Once again, everyone has their own tastes and their own standards for a perfect record. However, when you look to define a genre or a generation with an album, we have been in what seems like a decade-long drought. How could this happen? Very easily. In the late 1980s and early 1990s, the record business was booming. Executives acted more like bankers or general managers of sports franchises when buying up big-name talent (think Prince or Janet Jackson) and banking on them to continue to sell records at record levels. History showed this tactic didn’t work. In the 1960s through the 1980s, the idea of developing bands and record development deals was more common. When a hit artist or group (not that they ever had a perfect record) like Hootie and the Blowfish came along, it took the band reportedly selling over 60,000 units on their own for them to even get a record deal. Virtually every record label passed on Alanis Morissette before a young Guy Oseary signed her to Madonna’s new Maverick label. 17,000,000 copies later, Oseary and Madonna proved their point.

The music business’ problem in terms of business is that they are selling the wrong product. The compact disc was such a phenomenal success that the industry’s leadership believed that it would last forever. DVD ended the CD’s run a few years ago when a generation (really GenX and GenY) realized that for around $20, they could get a two-hour blockbuster Hollywood film, complete with supplemental materials and surround sound, as opposed to getting an album with one (maybe two) hit singles on it for $16.99, with no video content. Factor in the RIAA’s awful leadership in attacking downloadable music as opposed to embracing it and you see the real decline of the Roman Empire. It took Steven Jobs and Apple Computer to teach the music business how to sell music in a way that is actually convenient to users. With Dual Disc (half-DVD, half-CD) coming to a store near you this month, there is hope of getting video and surround sound content to the masses with backwards compatibility to the CD, but that only addresses the music industry’s problem with product.

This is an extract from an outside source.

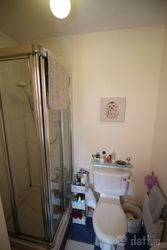 Property Image Thumbnail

The industry’s real problem is that they have gotten out of the business of developing and signing truly innovative new talent and great-sounding acts. By 1982, MTV made it more important that rock stars look like movie stars, as opposed to actually being able to sing and/or play their instruments. Gone in the last 10 years are great guitar solos, yet on damn near every classic rock song being played out for eternity, there are solos for the ages. Gone for the past 10 years are top musical performances like the drumming of Stewart Copeland and John Bonham. Gone is the concept of the front man, yet the music of David Lee Roth or Freddie Mercury is played thousands of times per day on FM and satellite radio around the world. What we do hear in the last 10 years is the birth of singers who can’t find a note without computer assistance (think Cher, Ozzy or Dexter from The Offspring). What we have are undertalented A&R executives who only have their jobs as a favor from their powerful mommies and daddies, signing “Me-Too” acts. First comes Britney Spears, then Mandy Moore, then Jessica Simpson. First come The Backstreet Boys, then 98 Degrees, then O-Town. Yes these me-too acts tend to sell well, but creatively they simply stink and certainly do not hold the test of time critically.

The solutions to the ills of the music industry are two-fold. First, the physical disc must have video and high-resolution surround sound content for use in home theaters and in cars. Dual Disc accomplishes this and will integrate with CD players and car audio systems and can be sold in CD bins. All four majors seem to have given this format the okay, but at this point, it has yet to launch. Downloadable music is an interesting way to make new revenue, but it is nothing in terms of profitability when compared to selling a $16.95 album that cost about $0.80 to make. The second fix for the music industry is going to be much harder to accomplish than adopting a new disc to sell. The music industry needs to return to signing and developing artists and acts that are truly talented – composers and lyricists who can write songs, vocalists who can really sing, guitarists who can rip a hot solo, drummers who lay down innovative beats and so on. If you listen to the RIAA as they file thousands of lawsuits against their own customers, you’d think Napster killed off the record business but that is only one factor - and not nearly as large a factor as the death of the compact disc and a decade’s worth of neglect in development of truly new artists and sounds.